Models present creations by designer Nicolas Ghesquiere during the Louis Vuitton Cruise 2027 collection show in New York City, US, May 20, 2026. REUTERS/Jeenah Moon
Models present creations by designer Nicolas Ghesquiere during the Louis Vuitton Cruise 2027 collection show in New York City, US, May 20, 2026. REUTERS/Jeenah Moon

French fashion house Louis Vuitton combined ruffles, biker leather and the graphic art of Keith Haring for its celebrity-packed cruise 2027 show at a New York museum on Wednesday night.

Under the gaze of Zendaya, Anne Hathaway and Cate Blanchett, Louis Vuitton's artistic director for women's wear Nicolas Ghesquiere presented a collection built on contrasts and bright pops of color, said AFP.

Structured leather jackets were paired with fluffy Medici collars.

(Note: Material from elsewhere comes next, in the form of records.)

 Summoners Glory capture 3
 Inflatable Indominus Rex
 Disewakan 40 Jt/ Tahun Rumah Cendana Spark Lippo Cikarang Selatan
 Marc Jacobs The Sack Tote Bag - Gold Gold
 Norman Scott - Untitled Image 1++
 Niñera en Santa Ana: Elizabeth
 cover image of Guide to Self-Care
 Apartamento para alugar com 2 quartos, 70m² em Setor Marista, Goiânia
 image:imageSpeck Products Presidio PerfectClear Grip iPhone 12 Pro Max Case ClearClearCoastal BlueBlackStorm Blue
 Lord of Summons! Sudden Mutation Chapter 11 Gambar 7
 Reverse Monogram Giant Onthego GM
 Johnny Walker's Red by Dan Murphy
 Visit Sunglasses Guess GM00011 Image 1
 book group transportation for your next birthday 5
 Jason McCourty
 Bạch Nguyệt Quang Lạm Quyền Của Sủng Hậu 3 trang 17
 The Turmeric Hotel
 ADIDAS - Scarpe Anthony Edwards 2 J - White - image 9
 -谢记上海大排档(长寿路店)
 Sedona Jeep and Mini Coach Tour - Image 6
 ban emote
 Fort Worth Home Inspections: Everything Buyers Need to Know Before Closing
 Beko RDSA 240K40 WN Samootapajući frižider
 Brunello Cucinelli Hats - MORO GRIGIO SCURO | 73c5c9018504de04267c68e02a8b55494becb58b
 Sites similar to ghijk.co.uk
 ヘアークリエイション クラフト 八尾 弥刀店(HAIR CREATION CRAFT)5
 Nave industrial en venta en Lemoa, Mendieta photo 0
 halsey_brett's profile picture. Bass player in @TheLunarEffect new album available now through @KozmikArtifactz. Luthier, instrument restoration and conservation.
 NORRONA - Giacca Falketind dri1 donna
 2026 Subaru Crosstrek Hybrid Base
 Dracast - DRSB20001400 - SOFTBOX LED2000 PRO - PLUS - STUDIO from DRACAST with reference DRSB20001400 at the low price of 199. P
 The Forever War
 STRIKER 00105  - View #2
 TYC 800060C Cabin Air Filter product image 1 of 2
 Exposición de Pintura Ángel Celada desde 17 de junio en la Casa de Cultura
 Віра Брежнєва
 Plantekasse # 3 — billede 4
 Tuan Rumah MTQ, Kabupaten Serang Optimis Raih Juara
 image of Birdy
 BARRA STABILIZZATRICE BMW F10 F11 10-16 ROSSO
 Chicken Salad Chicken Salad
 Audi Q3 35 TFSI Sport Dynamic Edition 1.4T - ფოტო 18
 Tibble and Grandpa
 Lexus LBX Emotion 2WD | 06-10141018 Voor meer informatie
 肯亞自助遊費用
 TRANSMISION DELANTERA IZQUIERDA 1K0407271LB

Ensembles were punctuated by the Pop Art movement's orange, pink and green, while also giving way to deep purple, dusty pink and teal.

Whether the models donned heels or sneakers, the shoes were metallic, and legs were on display with boxer shorts, biker shorts and tailored Bermuda suits.

Hats -- bucket or brimless -- topped models' heads when hair wasn't left loose and marked with the horizontal streaks popularized by figure skater Alysa Liu, the brand's new ambassador.

The show was held at The Frick Collection, marking the first time a fashion show has been hosted by the museum since its renovation last year.

Formerly the mansion of a steel magnate, the museum teems with an impressive collection of European paintings and art dating back to the Renaissance. Models stalked down the runway, passing under archways and past famed artworks.

"Within the timeless rooms of The Frick Collection, beauty and art transcend time in a quiet dialogue, while beyond its walls, New York City pulses with constant reinvention -- a convergence of contrasts," the fashion house posted on Instagram, with the brand and the museum announcing a three-year patronage partnership.

Notably, Louis Vuitton will fund three temporary major exhibitions and host free visitor after-hours evenings at the museum on the first Fridays of every month for a year.

Europe's major fashion houses have shown exceptional interest in the American market and culture recently.

Louis Vuitton's men's collection by hip hop star Pharrell Williams drew inspiration from the Big Apple, and Gucci and Dior have recently unveiled their cruise collections in New York and Los Angeles, respectively.

In December, Chanel held its show in the New York subway.